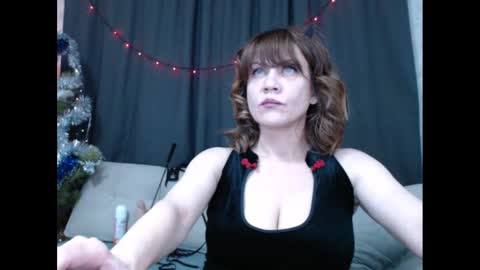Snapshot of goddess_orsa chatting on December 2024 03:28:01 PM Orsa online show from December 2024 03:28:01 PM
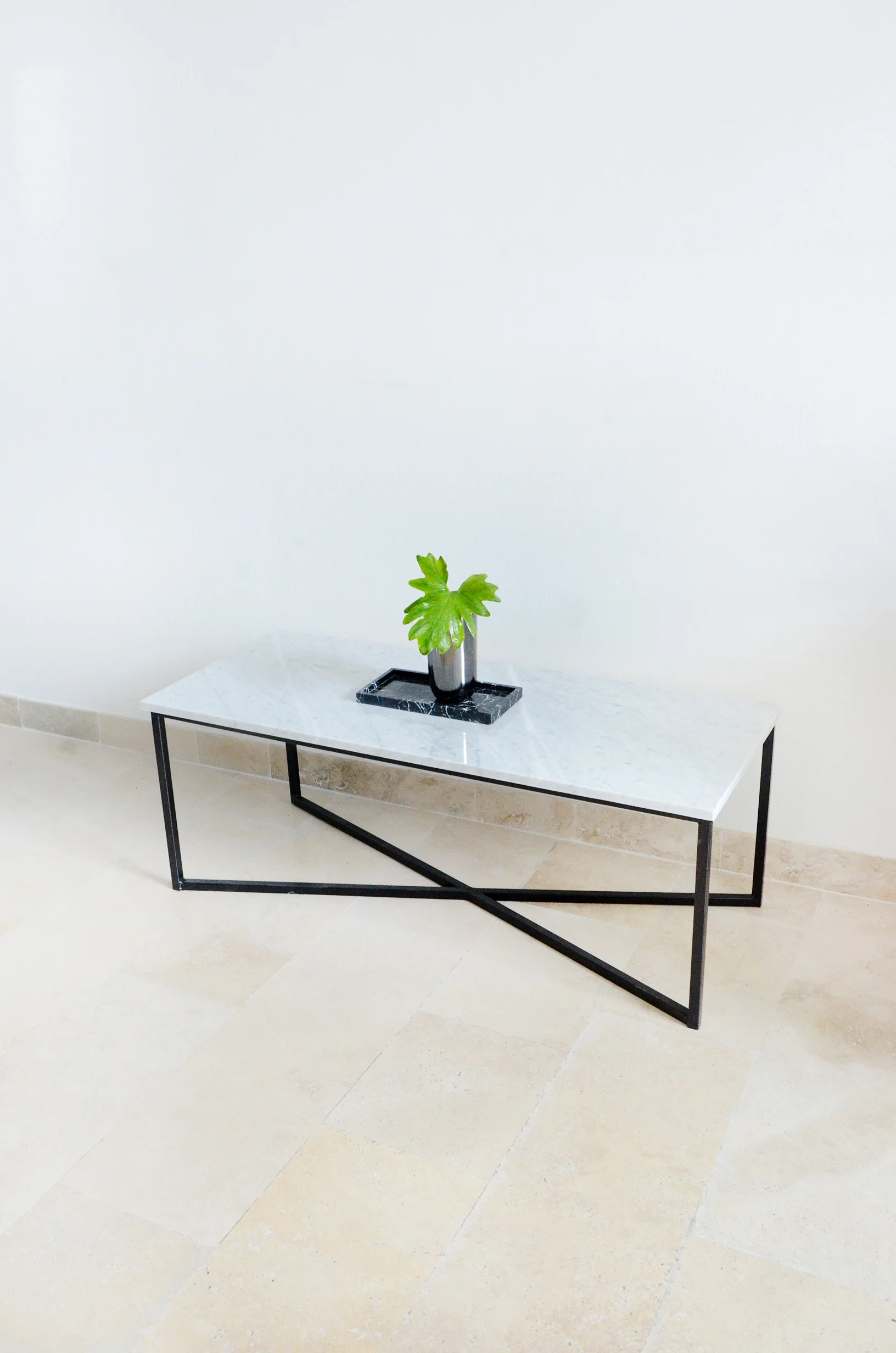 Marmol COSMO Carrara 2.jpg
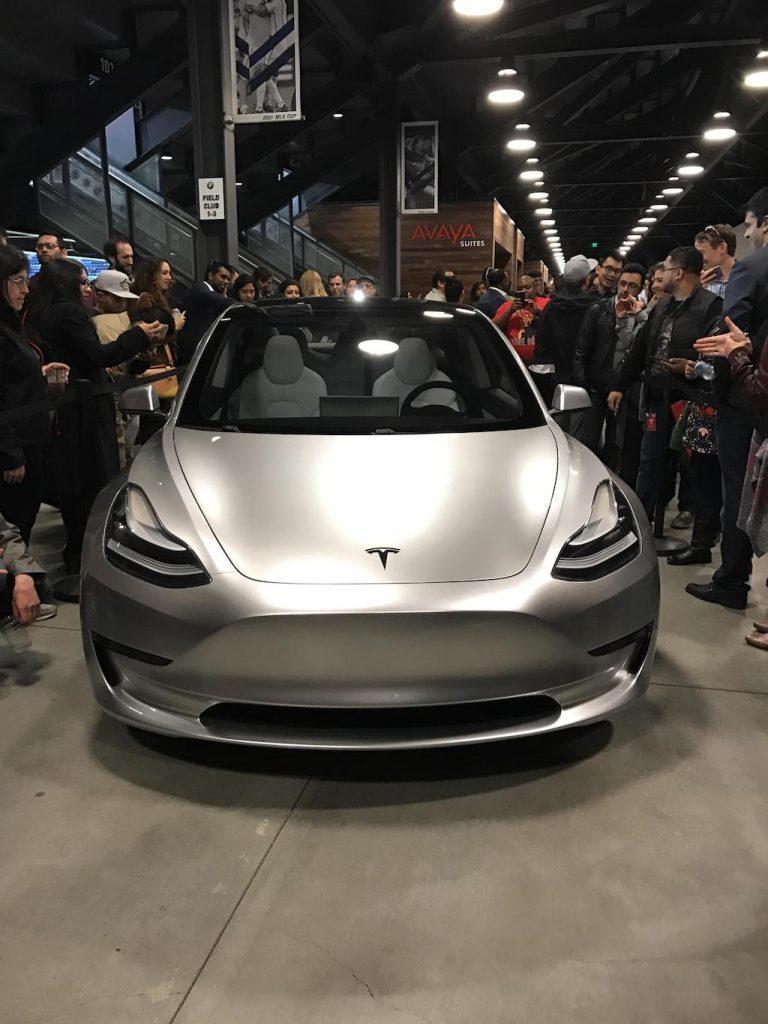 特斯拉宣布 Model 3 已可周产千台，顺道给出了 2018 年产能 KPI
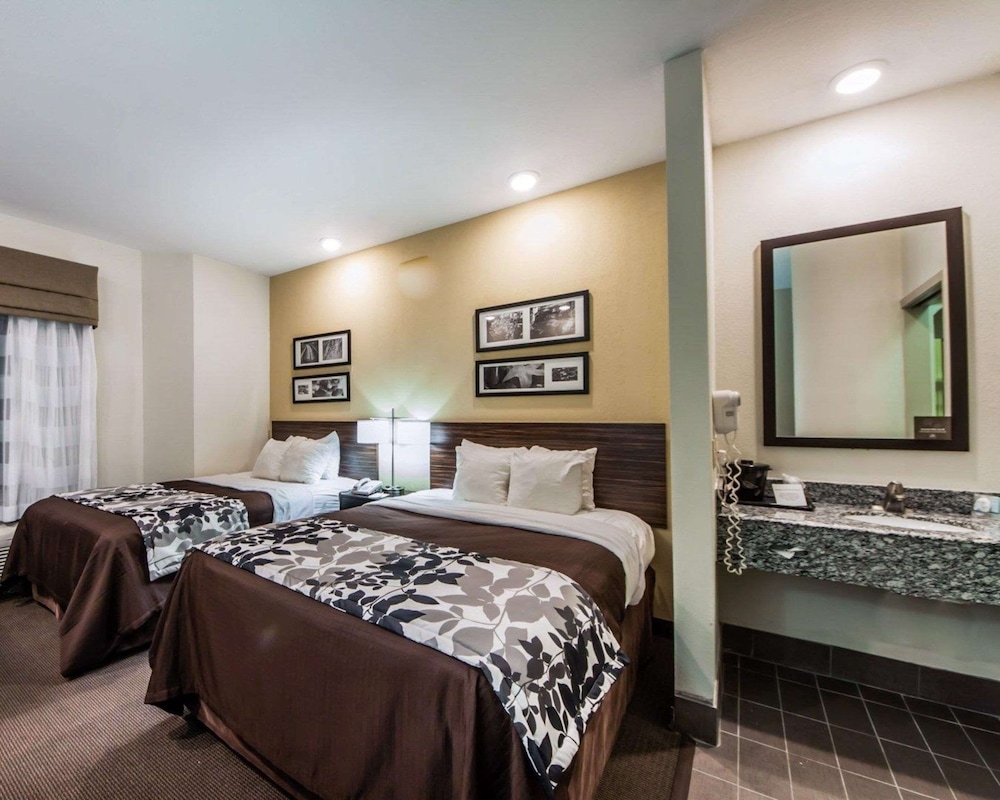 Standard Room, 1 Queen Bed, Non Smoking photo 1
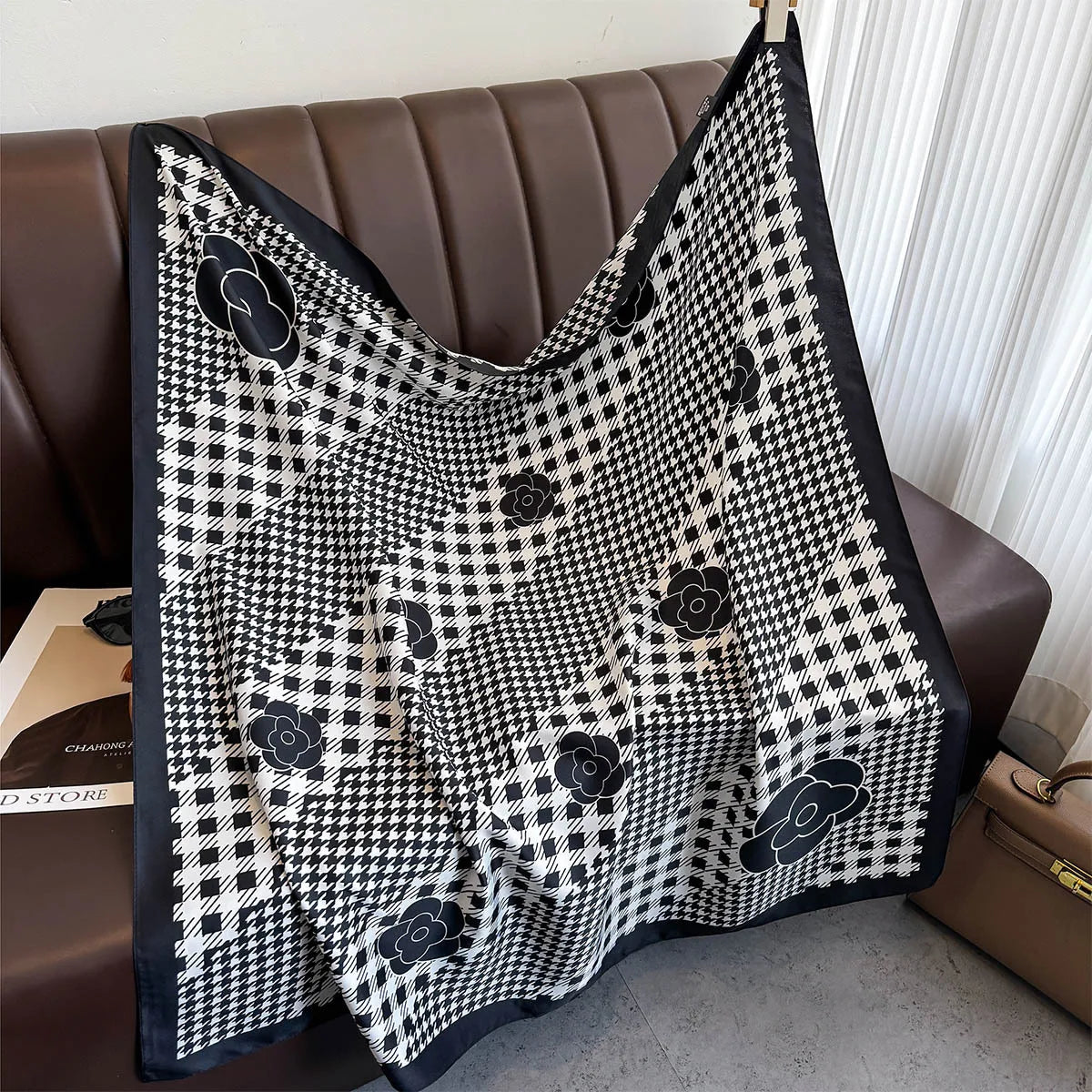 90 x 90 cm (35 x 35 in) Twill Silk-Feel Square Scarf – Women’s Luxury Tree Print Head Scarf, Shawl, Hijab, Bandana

What you need to do: Produce the entries above once more, exactly as given, with each picture left out.

Result of this task:
Snapshot of goddess_orsa chatting on December 2024 03:28:01 PM Orsa online show from December 2024 03:28:01 PM
 Marmol COSMO Carrara 2.jpg
 特斯拉宣布 Model 3 已可周产千台，顺道给出了 2018 年产能 KPI
 Standard Room, 1 Queen Bed, Non Smoking photo 1
 90 x 90 cm (35 x 35 in) Twill Silk-Feel Square Scarf – Women’s Luxury Tree Print Head Scarf, Shawl, Hijab, Bandana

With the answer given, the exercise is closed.